The debate on asylum and immigration has become polarised. On one side, tabloid newspapers exploit popular fears, particularly among poor people, of being swamped by strangers who grab jobs and benefits, occupy scarce housing, hold to alien values and customs, and put further pressure on overstretched schools and hospitals. On the other, the head of the Commission for Racial Equality, Trevor Phillips, dismisses even the concerns raised by David Goodhart, the cerebral and sober editor of Prospect, as those of a "liberal racist". This is foolish and unnecessary. Mr Goodhart has argued, in his own magazine and in the Guardian, that high immigration can conflict with the sense of sharing and solidarity which underpins the welfare state, and that too diverse a society can weaken support for the mutuality that is central to leftist values.
This is not a wicked argument. It just happens to be wrong. Mr Goodhart is not a racist, but a Little Englander living on a fantasy island of abstract concepts. His diversity and solidarity are so much waffle; his talk of reciprocity, obligation, community, citizenship, rights and duties just a clever man's way of missing the point. Prosperous countries such as Britain live off the backs of a new proletariat. Some toil in the sweatshops and farms of the developing world. Some come here legally, often to prop up public services that would collapse without them. Some enter illegally, usually to perform dirty, dangerous and menial jobs at rock-bottom wages. These people, wherever and however they work, provide us with cheap food, cheap clothes, cheap holidays, cheap nannying, cheap waiting at table, cheap cleaning - plus many of the profits that finance our pensions and life insurance schemes. We'd rather they stayed out of sight and worked for us from their homelands. But we'll have them here to provide personal services that can't be exported or to satisfy a craving for home-grown fruit or freshly baked bread. No matter what odd languages they speak or what alien customs they follow, we want their labour. Then we can get on with shuffling around the money they make, calling ourselves investment managers, analysts and the like. What we don't want is them or their compatriots making claims on us. We'll take the diversity every time if we can have our "little treasure" to mind the children. But to hell with the solidarity.
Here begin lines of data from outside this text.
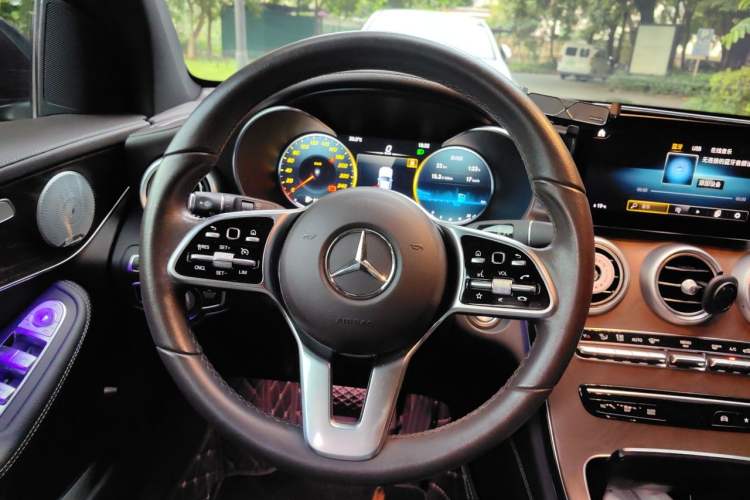 Used Mercedes-Benz GLC 2020 Facelift GLC 260 L 4MATIC Luxury Edition Steering Wheel
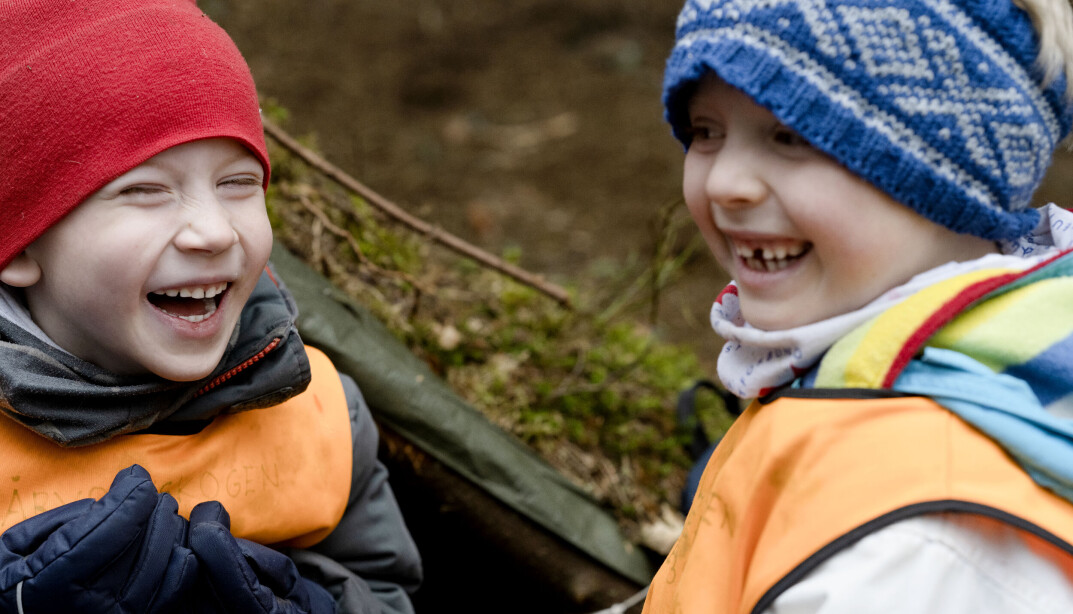 Å dele gleder, gjør dem større. Her har Åsmund (5,5 år) og Sverre (6) som sammen har funnet glede i noe. Å dele gleder, gjør dem større. Her har Åsmund (5,5 år) og Sverre (6) som sammen har funnet glede i noe.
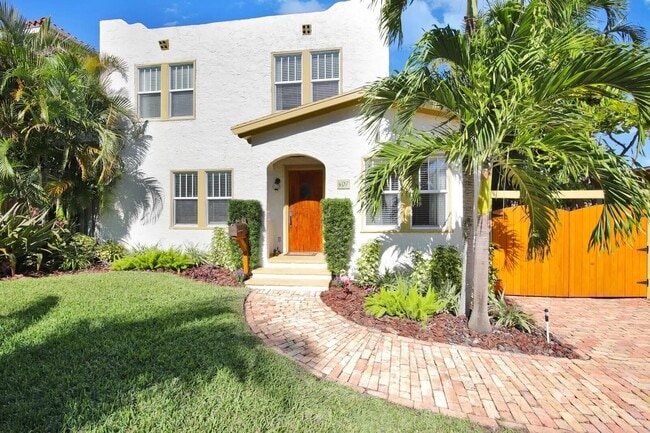 property at 607 Flamingo Dr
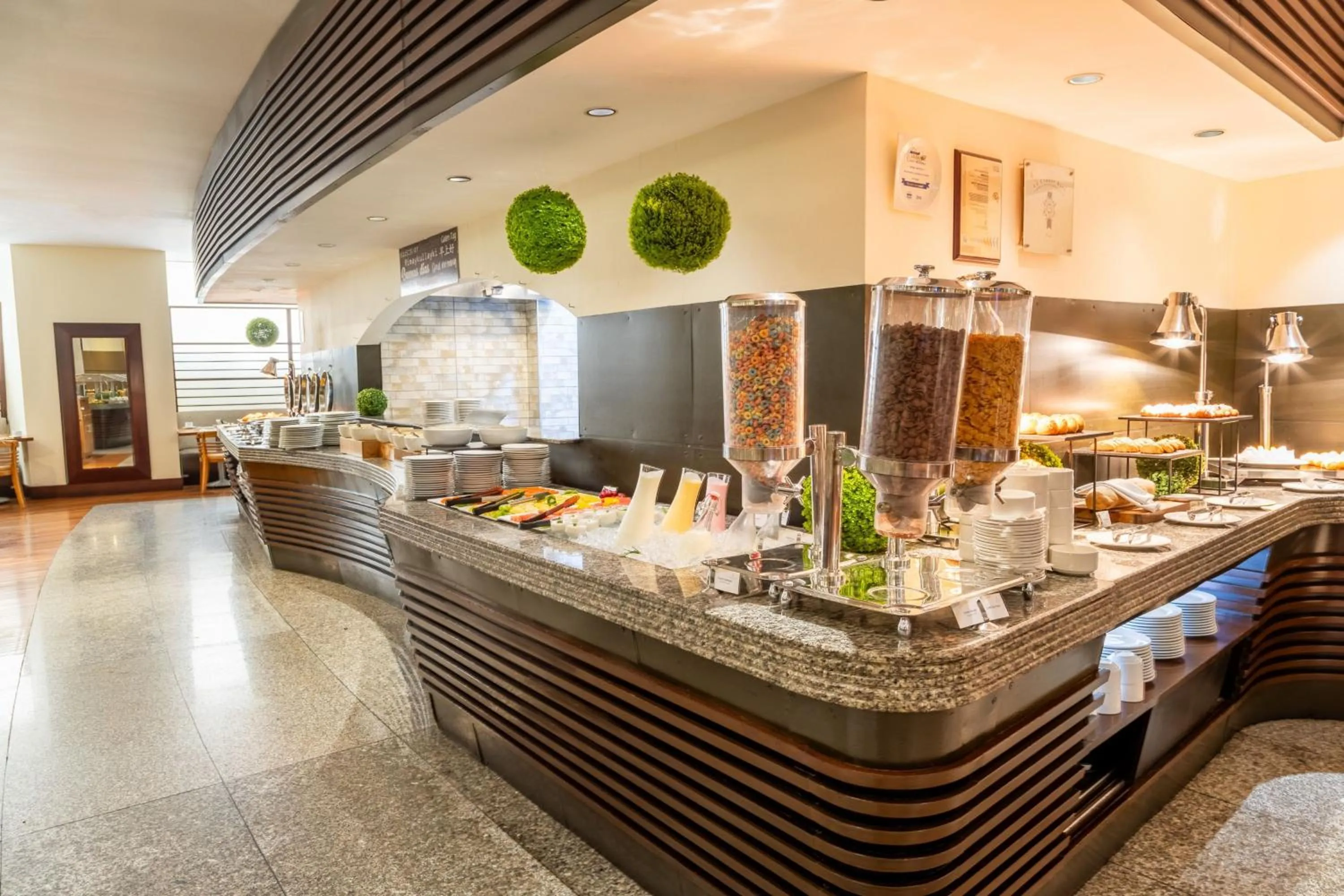 Restaurant/places to eat in Sheraton Guayaquil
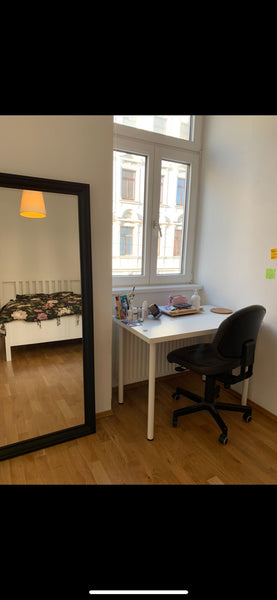 The flat is within 2 mins walking distance to the next underground station (Otta Vienna, Austria Bright and spacious double room Private room in rental unit vacation rental 648557655302987050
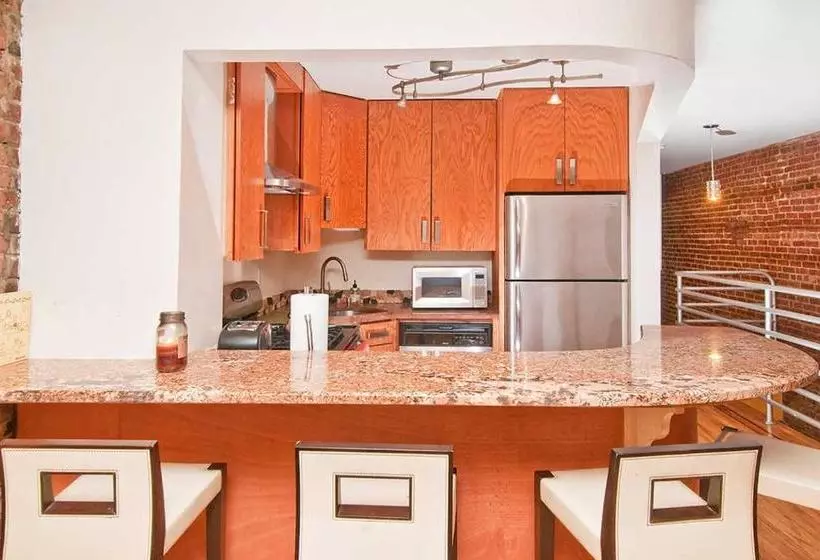 هتل Luxury Suites Lenox Ave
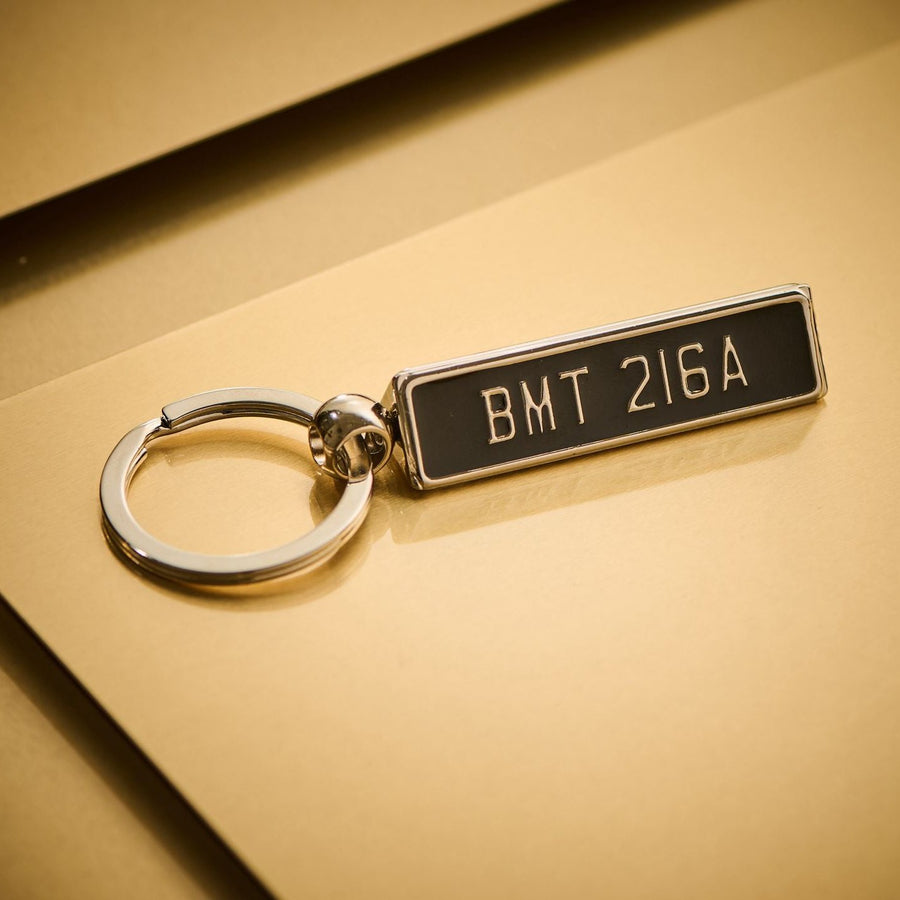 007Store James Bond Aston Martin DB5 Number Plate Keyring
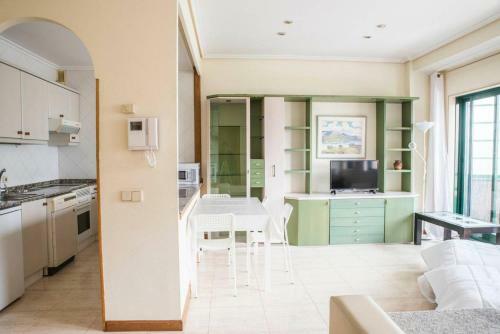 Apartamento Piso Enfrente A La Playa de Samil 55 2 I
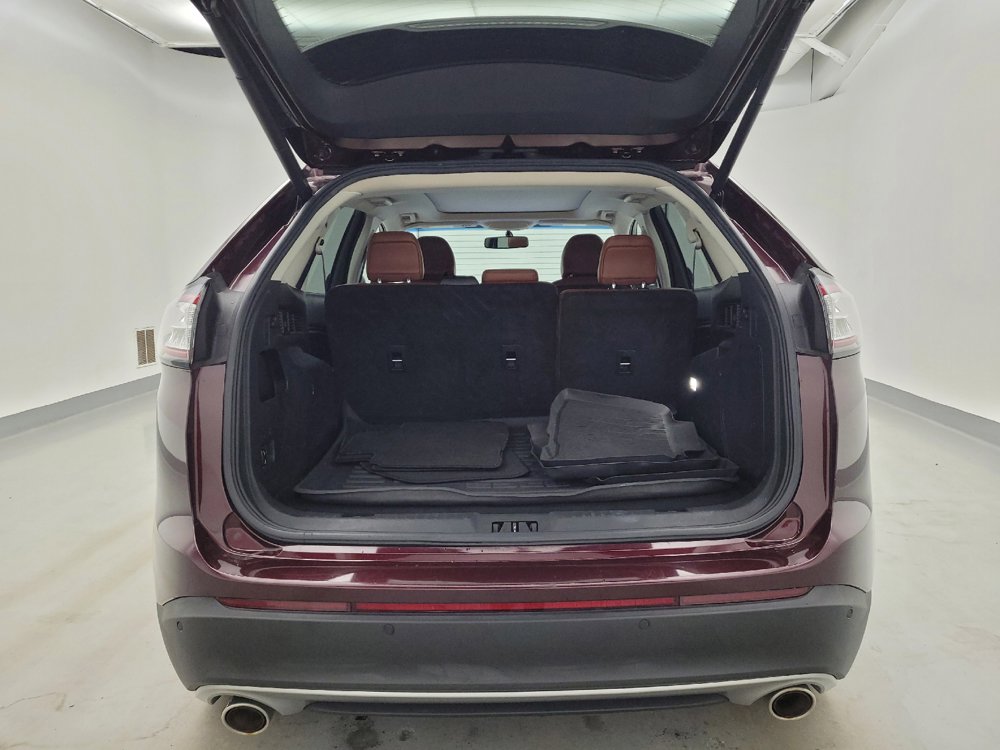 Used 2018 Ford Edge Titanium w/ Equipment Group 301A AWD/4WD image 29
The image conjured up by the tabloid press - and implicitly endorsed by Mr Goodhart with his worries about whether we can possibly have "reciprocity" with these people - is of millions lured to Britain by the prospect of scrounging off welfare. So what if they are? They will soon get fed up with being on the margins of their new home and start a taxi firm or a plumbing business or go hop-picking in Kent. If they were specially lazy, they would have stayed at home. In reality, the welfare-seekers are far exceeded by the work-seekers. The welfare state does not draw them here; the buoyant economy does. As ministers occasionally point out, we should feel national pride that we are so attractive to migrants. Indeed, we once did: during the cold war, asylum-seekers were paraded as triumphs for our way of life.
Migration is in any case unstoppable. The latest government figures of falling asylum-seekers are likely to be as unreliable as police statistics for crime rates. The proposals to restrict the flow of migrants from the new members of the European Union are mere sops to tabloid opinion, casting David Blunkett in the role of King Canute. East Germany built a wall to keep its people in but couldn't stop them leaving, even at the risk of being shot. America has no welfare state to speak of, yet tens of thousands leak in through its border with Mexico every year, nearly all of whom find jobs of varying legality. If you're smart enough to stow away on a jet, boat, train or lorry, you'll be smart enough to evade detection and to find work when you get here. You may well be smart enough to start a new enterprise and create jobs for others. In time, perhaps, your child may become leader of the opposition.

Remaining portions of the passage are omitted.